Source records
*** Begin section ***

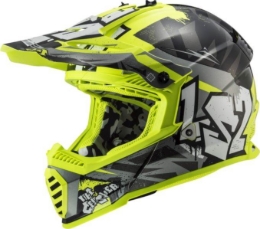 Slika Dječja motocross kaciga LS2 Fast EVO II Mini Crusher (MX437), crna/žuta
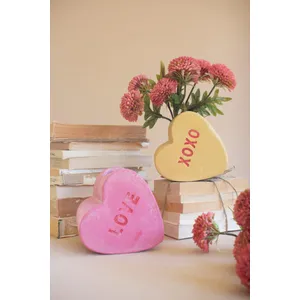Set of 2 Clay Conversation Heart Vases 1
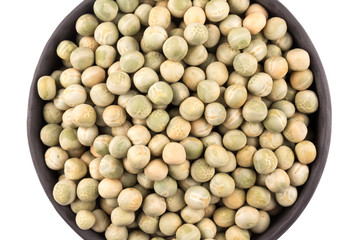 peas in a black plate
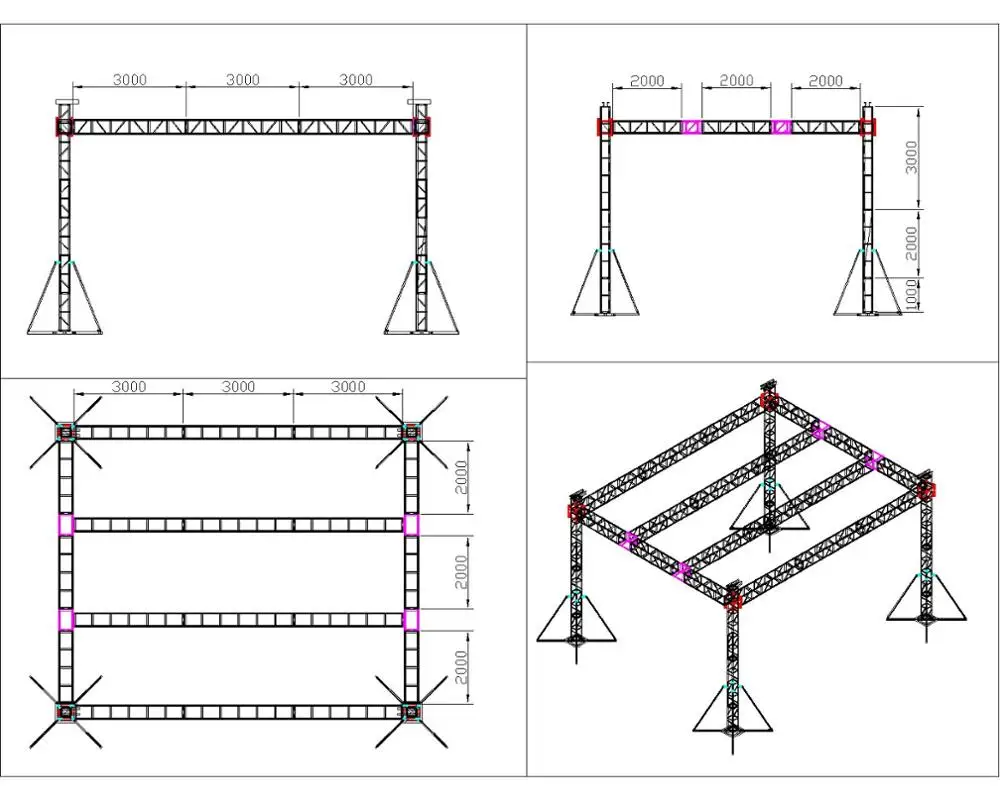 
Aluminum square bolt truss for church equipment,dj stand, jbl line array,stage podium 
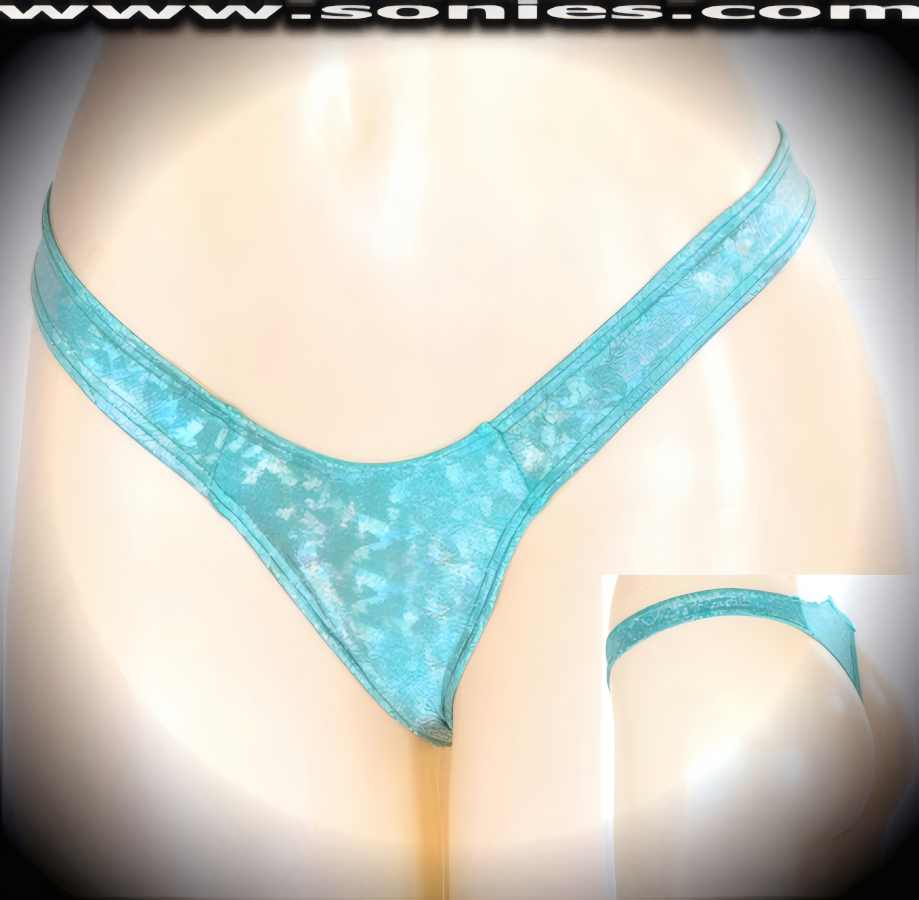 Get carried away in this racy adult entertainer's Mandie low-rise stretch glitter crushed ice hologram Lycra center stage dance wear thong bottom. Irresistibly enticing panty is designed with a low scoop front, lined crotch and thong back detail finish. Created using four way stretch crushed ice hologram Lycra fabric to trace your bodies contour and offers a stunning effect under any lighting (15% Lycra, 85% Nylon. Wash delicate and hang dry). It pairs beautifully with any number of risqu� tops. May be worn with stiletto heel shoes to create a phenomenal look. This style is perfect for stage, bedroom performance, life style events, pride week, monthly play parties, fetish events, adult alternative lifestyle gatherings, bachelor parties and gentleman's clubs.   STYLE: 550-001BSC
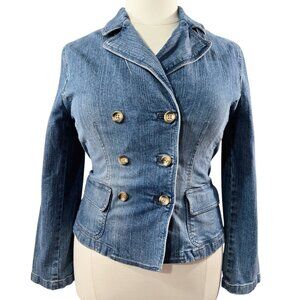 Vintage LOFT Double Breasted Denim Blazer Pockets Capsule Classic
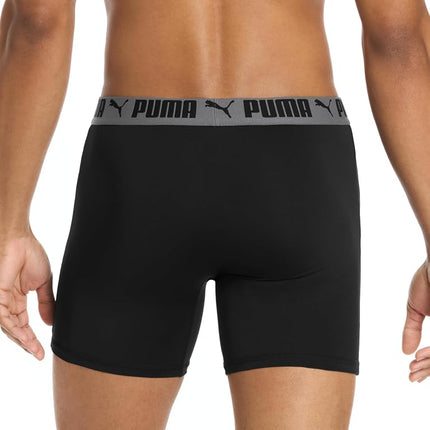 PUMA Men's 4 Pack Active Stretch Boxer Briefs, Black, S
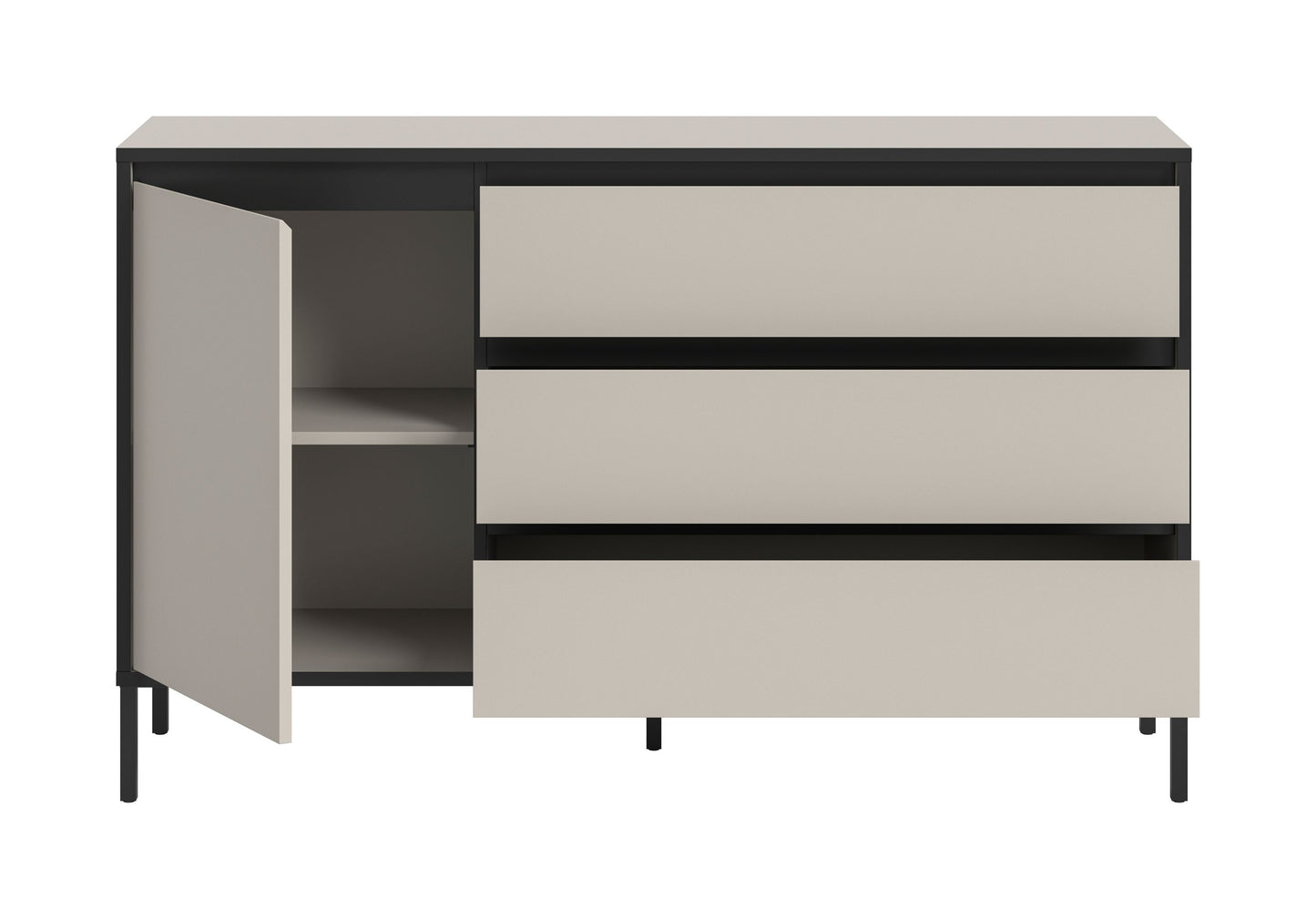 Sideboard mit geöffneter Tür und Schubladen, hellgraue Fronten mit schwarzer Einfassung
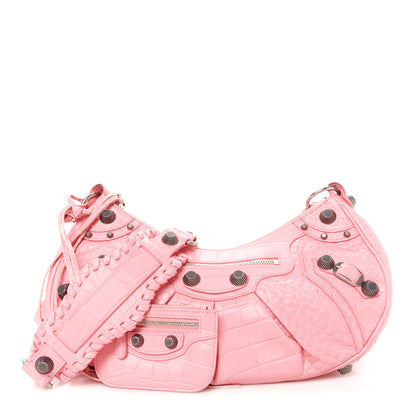 Balenciaga Extra Supple Calfskin Crocodile Embossed Small Le Cagole Shoulder Bag Sweet Pink 1 of 12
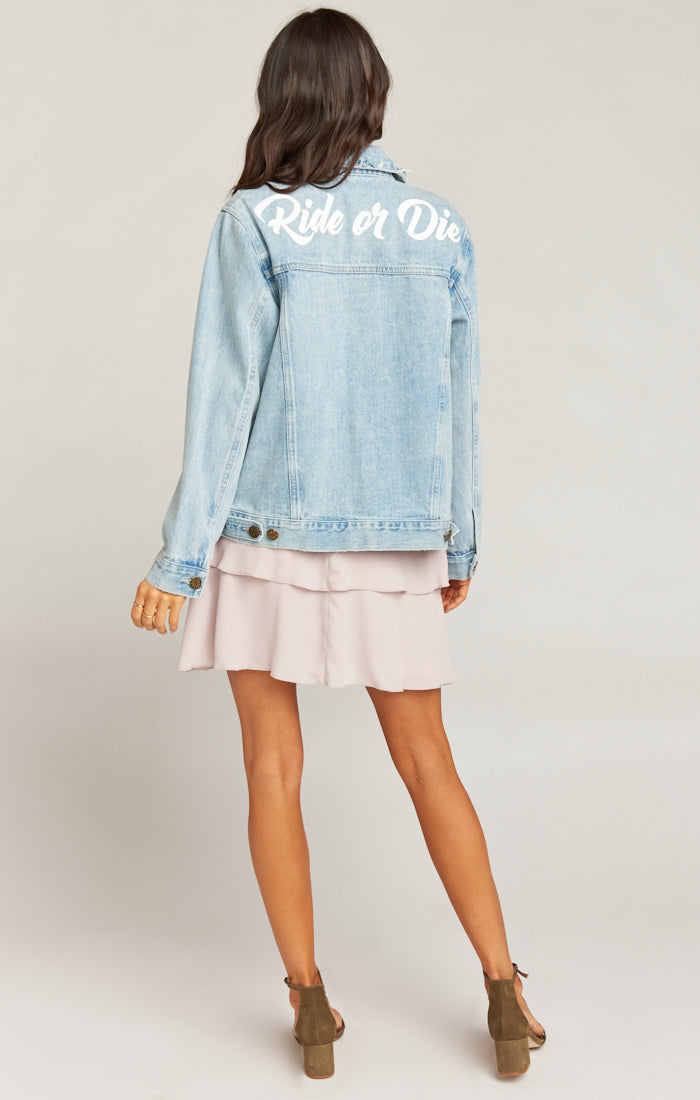 Dover Denim Jacket ~ Ride or Die Graphic Light Wash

*** End section ***

_Try it_
Write out exactly the opening lines of the data, stopping after the line that holds "Aluminum square bolt". Exclude pictures.

_Answer box_
 Slika Dječja motocross kaciga LS2 Fast EVO II Mini Crusher (MX437), crna/žuta
Set of 2 Clay Conversation Heart Vases 1
 peas in a black plate
Aluminum square bolt truss for church equipment,dj stand, jbl line array,stage podium 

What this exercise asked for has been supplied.